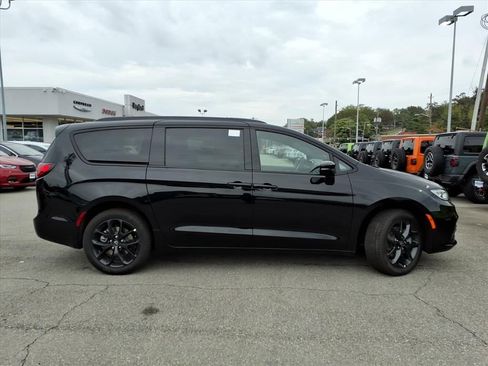 New 2026 Chrysler Pacifica Limited image 3
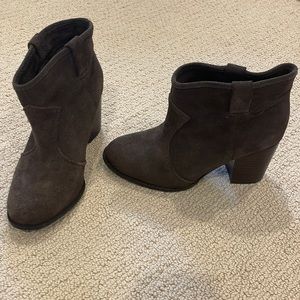 Splendid brown suede booties ankle boots heeled size 7M EUC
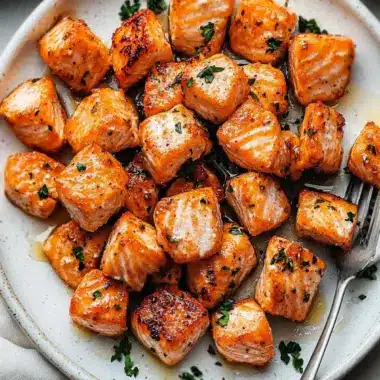Lemon Garlic Air Fryer Salmon Bites Ready in 10 Minutes 9 Air Fryer Salmon Bites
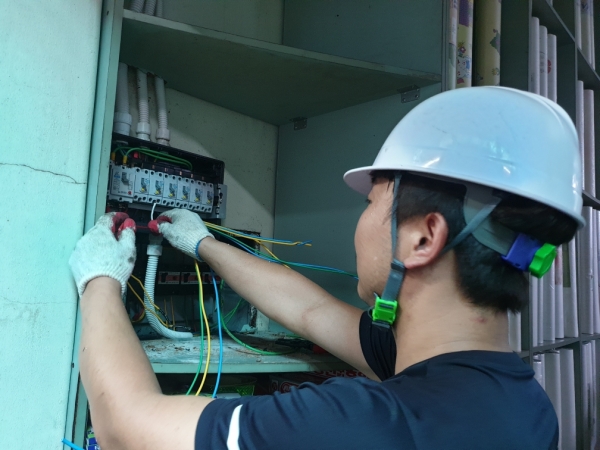 중앙시장 노후전선 정비 장면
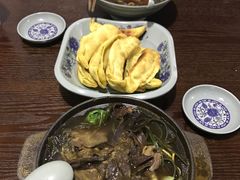 -老新隆牛肉锅贴(新街口店)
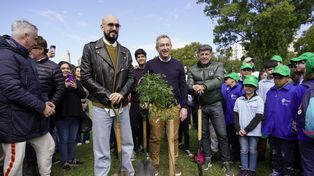 El galardonado cantante llegó a Rosario en el marco de la campaña “Por una América Latina más Verde” impulsada por la empresa John Deere para plantar árboles en el ámbito público.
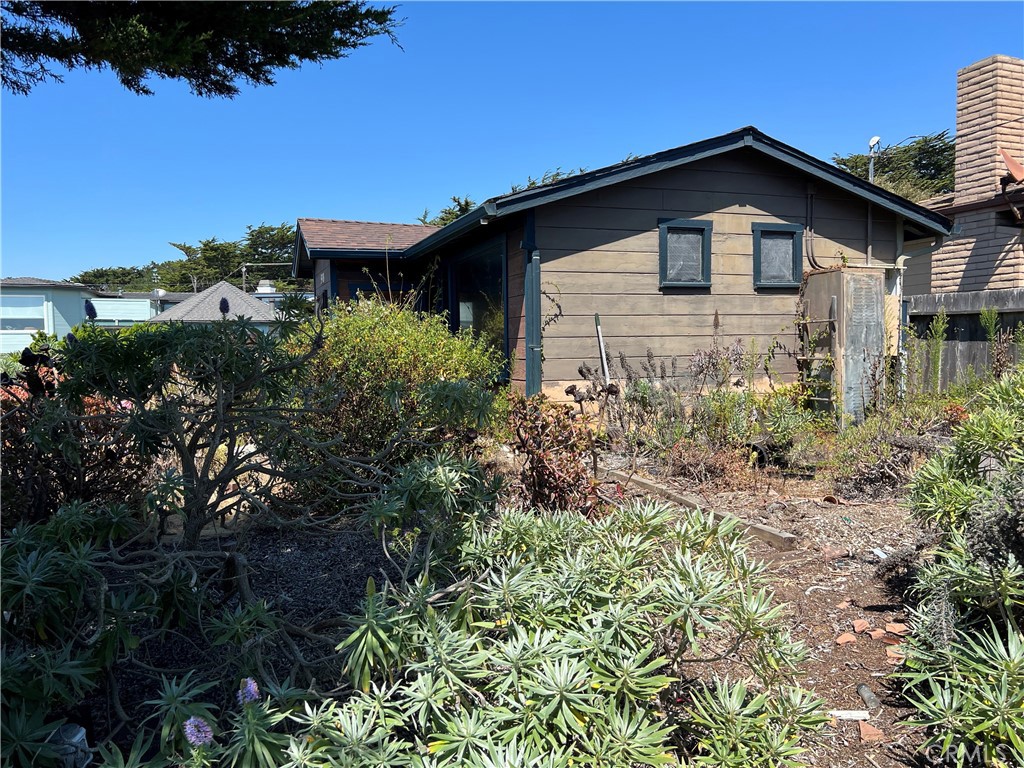 5978 Moonstone Beach Dr, Cambria, CA 93428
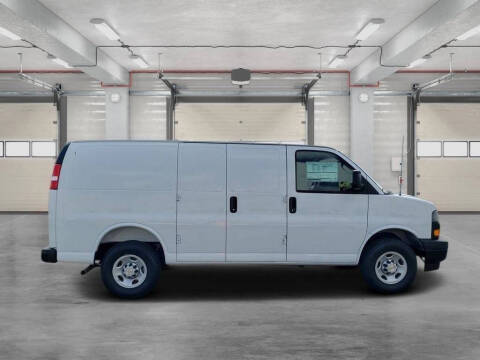 2025 Chevrolet Express 3500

• WORK ORDER:
Only the lines from the one containing "Lemon Garlic Air" to the end of the listing belong in the answer, exactly as they stand and with no pictures.

• REPLY TO THE TASK:
Lemon Garlic Air Fryer Salmon Bites Ready in 10 Minutes 9 Air Fryer Salmon Bites
 중앙시장 노후전선 정비 장면
 -老新隆牛肉锅贴(新街口店)
 El galardonado cantante llegó a Rosario en el marco de la campaña “Por una América Latina más Verde” impulsada por la empresa John Deere para plantar árboles en el ámbito público.
 5978 Moonstone Beach Dr, Cambria, CA 93428
 2025 Chevrolet Express 3500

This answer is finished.